第3に、「社会通念についての知見」という観点からは、市民の一般的な感覚を採り入れることが適当であり、保護者など一般の方を参加させることが適当ではないかと思います。
以上を踏まえると、「校則」の当否は、(1)教育学の専門家あるいは教育現場で経験を培った方、(2)弁護士などの法律関係者、(3)保護者など一般から選ばれた方、それぞれを構成員とする合議によって判断することが適当であると思います。
(2) 私立学校を対象にするか
次に、「校則」の当否をジャッジする仕組みを設けるとして、その対象を公立学校に限定するか、あるいは、私立学校も含めるかという問題があります。
最高裁判例(最三判昭和49年7月19日・昭和女子大事件)は、私立学校について、「建学の精神に基づく独自の伝統ないし校風と教育方針とによつて社会的存在意義が認められ、・・・伝統ないし校風と教育方針を学則等において具体化し、これを実践することが当然認められるべき」と、市立学校よりも私立学校のほうが「校則」に対する学校の裁量が広く認められるような判断をしています。
ただ、これをもって、私立学校を対象から外す必然性まではないように思います。仮に、私立学校において伝統・校風などを「校則」で具体化する必要があるならば、単に、「校則」の当否を判断する際に、私立学校側が主張する「伝統・校風などと校則との関連性」を考慮すれば足りるからです。
また、私立学校の数の多さを考えれば、私立学校におけるブラック校則の問題は社会的に看過しうるものではありません。
なお、私立学校におけるブラック校則の当否が問題になった際、「私立学校は生徒が自分で選んだ以上、校則に服するのは仕方ない」という論調がしばしば見られます。
しかし、このロジックは、「条例が憲法や法律に違反していたとしても、その市町村を選んで引っ越してきた以上、文句を言うな」という主張(このような主張が法的に成り立ち得ないことは、言うまでもありません。)と大差ないように思えます。
また、労働契約法は、労働契約において、合理性を欠いた就業規則は労働者を拘束しない旨を定めています(同法7条)。労働者もその会社を自分の意思で選んでいますが、「そうである以上、すべての就業規則に従うべき」とのロジックは採られていません。
以上を踏まえると、私立学校を特に対象から除外すべき理由はないように思います。
(3) 何審制にするか
1つの考え方として、全国に1つの機関を置いて、1審制とする考え方があります。しかし、「ブラック校則」が問題視される昨今において、1つの機関ですべての案件を処理することには限界が生じそうです。
次の考え方として、地方ごとに1つの機関を置いて、1審制とする考え方があります。このような方向性は、地域の実情に応じた判断をしやすくなるメリットがある一方、学校教育法11条について解釈の統一化を図れないデメリットがあります。

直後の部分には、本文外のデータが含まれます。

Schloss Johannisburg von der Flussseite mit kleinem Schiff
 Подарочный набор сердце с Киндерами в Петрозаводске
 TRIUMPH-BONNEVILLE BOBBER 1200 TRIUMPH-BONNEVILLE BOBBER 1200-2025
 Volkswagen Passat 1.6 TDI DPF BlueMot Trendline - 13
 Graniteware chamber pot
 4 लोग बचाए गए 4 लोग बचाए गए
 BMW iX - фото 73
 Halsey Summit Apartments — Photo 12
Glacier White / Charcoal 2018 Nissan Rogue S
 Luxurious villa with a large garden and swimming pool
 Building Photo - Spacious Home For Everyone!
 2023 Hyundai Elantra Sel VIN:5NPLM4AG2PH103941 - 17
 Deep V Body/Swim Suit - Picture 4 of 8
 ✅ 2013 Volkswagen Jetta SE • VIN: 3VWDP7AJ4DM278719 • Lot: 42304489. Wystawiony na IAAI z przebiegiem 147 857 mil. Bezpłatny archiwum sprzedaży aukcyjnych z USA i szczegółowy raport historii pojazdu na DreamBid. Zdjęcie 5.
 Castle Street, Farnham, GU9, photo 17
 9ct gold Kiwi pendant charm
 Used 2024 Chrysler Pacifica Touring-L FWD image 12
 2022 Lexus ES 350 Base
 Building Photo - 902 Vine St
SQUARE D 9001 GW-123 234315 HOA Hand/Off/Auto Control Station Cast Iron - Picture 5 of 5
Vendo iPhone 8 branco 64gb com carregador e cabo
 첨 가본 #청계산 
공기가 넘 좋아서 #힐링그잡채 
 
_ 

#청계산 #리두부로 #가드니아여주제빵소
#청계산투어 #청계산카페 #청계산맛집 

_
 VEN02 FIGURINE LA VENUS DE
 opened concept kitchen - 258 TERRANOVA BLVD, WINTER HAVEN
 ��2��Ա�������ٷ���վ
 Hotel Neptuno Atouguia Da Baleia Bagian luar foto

以上を踏まえると、都道府県など地方単位に下級審の機関を置き、その上級審として全国統一の機関を1つ置くことが、バランスがとれる制度であるように思います。
なお、同様の2審制は、社会保険の審査請求など、様々な行政不服審査制度において採用されています。
(4) 判断にどこまで法的拘束力を生じさせるか
1つの考え方として、「校則」が不当と判断された場合に、法的にその「校則」の改正義務が生じることとする方向性があります。ただ、この方向性には問題点があります。
判断に法的拘束力を持たせることで、裁判所と同様、教育現場への影響を懸念して、積極的な判断を躊躇する傾向が生じるおそれがあるからです。
しかし一方で、判断に何の拘束力も持たせなければ、仕組み自体が形骸化する懸念もあります。
そこで、折衷案として、「校則」が不当と判断された場合には、学校において「校則」の改正の要否を検討し、その結果を公表させることを法的に義務づけることがよいのではないかと思います。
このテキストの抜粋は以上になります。